Trying To Seize Power

John 6:19–21, When they had rowed about three or four miles, they saw Jesus walking on the sea and coming near the boat, and they were frightened. But he said to them, “It is I; do not be afraid.” Then they were glad to take him into the boat, and immediately the boat was at the land to which they were going.

The Gospel writers often wrote about the same event from different perspectives. Using a harmony of the gospels, we see that John supplements the same account in Mark 6:47-49 and Mat 14:25-26, by writing the reason Jesus dismissed their crowds. He explains that after Jesus fed 5,000 hungry souls, people wanted to make Him a king. The problem with their motivation was that Jesus was already a king.

The Lord sits enthroned over the flood; the Lord sits enthroned as king forever. May the Lord give strength to his people! May the Lord bless his people with peace!” (Psa 29:10–11)

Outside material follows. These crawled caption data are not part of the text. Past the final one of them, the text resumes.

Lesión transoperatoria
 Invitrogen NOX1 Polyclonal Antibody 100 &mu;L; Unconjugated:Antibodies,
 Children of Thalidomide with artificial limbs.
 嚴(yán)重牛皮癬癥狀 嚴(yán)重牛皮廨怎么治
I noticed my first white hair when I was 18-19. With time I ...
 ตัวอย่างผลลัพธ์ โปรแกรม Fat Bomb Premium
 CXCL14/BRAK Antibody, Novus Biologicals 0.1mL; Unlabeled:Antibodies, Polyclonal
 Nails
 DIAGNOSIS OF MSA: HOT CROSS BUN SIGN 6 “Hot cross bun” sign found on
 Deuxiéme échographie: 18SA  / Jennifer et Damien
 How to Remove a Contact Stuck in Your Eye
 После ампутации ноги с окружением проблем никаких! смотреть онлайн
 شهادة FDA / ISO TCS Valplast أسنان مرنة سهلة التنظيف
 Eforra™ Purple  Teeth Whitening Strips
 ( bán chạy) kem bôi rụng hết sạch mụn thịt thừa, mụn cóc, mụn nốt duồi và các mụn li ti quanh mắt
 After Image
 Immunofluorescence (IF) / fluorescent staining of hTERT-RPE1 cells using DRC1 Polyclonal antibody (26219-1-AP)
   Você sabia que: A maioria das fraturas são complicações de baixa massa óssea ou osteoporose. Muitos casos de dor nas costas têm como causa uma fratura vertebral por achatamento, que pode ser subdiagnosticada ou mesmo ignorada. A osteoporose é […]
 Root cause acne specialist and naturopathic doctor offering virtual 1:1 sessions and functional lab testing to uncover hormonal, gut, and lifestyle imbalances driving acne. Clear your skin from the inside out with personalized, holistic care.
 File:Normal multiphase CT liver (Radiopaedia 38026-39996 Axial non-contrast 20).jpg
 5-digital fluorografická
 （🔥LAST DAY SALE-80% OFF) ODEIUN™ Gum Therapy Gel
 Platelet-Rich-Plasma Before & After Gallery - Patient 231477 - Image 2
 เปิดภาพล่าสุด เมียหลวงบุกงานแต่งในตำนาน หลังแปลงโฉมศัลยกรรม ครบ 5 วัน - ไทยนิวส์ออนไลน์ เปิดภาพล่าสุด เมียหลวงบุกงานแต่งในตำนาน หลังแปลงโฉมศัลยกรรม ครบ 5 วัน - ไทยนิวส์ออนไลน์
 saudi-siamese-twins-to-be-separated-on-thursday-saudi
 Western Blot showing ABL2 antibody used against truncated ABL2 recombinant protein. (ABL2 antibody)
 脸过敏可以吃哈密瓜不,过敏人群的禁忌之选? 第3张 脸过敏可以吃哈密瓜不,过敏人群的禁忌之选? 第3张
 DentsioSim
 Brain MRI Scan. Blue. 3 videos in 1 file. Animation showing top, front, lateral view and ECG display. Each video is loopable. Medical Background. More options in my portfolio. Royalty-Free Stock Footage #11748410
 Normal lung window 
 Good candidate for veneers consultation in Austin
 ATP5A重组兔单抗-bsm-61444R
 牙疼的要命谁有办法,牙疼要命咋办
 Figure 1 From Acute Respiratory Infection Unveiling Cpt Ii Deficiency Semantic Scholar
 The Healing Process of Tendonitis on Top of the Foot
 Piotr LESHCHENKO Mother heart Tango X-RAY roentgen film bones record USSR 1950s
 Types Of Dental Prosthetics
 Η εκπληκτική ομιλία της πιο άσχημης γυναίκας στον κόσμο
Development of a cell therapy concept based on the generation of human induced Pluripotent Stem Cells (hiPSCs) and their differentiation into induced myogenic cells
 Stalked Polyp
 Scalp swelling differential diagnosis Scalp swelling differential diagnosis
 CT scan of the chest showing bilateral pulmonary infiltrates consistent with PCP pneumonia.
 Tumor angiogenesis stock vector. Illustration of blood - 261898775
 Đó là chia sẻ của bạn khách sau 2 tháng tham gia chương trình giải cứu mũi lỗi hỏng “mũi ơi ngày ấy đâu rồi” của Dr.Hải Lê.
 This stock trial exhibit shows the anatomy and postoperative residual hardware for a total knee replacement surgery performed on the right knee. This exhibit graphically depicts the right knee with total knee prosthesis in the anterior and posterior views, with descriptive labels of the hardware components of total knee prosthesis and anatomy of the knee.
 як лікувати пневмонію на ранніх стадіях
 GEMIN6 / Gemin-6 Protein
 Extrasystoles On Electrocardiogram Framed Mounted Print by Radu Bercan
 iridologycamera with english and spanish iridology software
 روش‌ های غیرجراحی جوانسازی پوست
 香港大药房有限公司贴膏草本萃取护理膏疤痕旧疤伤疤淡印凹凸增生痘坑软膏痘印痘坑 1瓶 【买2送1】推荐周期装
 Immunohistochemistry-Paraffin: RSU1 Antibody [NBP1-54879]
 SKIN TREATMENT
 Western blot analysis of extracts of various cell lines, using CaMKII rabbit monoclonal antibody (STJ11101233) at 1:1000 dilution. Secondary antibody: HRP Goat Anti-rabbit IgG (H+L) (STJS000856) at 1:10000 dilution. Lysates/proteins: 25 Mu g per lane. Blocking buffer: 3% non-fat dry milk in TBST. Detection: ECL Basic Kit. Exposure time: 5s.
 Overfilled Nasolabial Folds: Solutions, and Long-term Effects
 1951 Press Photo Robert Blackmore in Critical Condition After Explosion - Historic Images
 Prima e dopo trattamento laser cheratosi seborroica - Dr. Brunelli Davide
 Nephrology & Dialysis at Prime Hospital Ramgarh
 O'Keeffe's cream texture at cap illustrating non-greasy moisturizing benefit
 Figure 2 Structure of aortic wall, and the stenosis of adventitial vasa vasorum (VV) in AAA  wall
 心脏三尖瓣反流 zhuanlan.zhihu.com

Jesus just miraculously fed them, who wouldn’t want a king like that. Cesar never did that for them, neither did Herod. They wanted Jesus to replace their political king by having Jesus assume the throne, because of their mob enthusiasm mindset. However, Jesus made it plain that His Kingdom was not of this world (John 18:36), as His Kingdom was a spiritual kingdom. Since He was already king, he would not be crassly forced by men to become what they wanted and oppose the will of God. Jesus knew their hearts and knew their will, ways, and thoughts were not on par with The Father’s (Isaiah 55:8-9). Jesus dismissed Himself from the crowds, and as King of kings communes with His Father alone in prayer.

Corum Deo: How often have you tried to manipulate the will of God for your own will, rather than to submit to God’s will?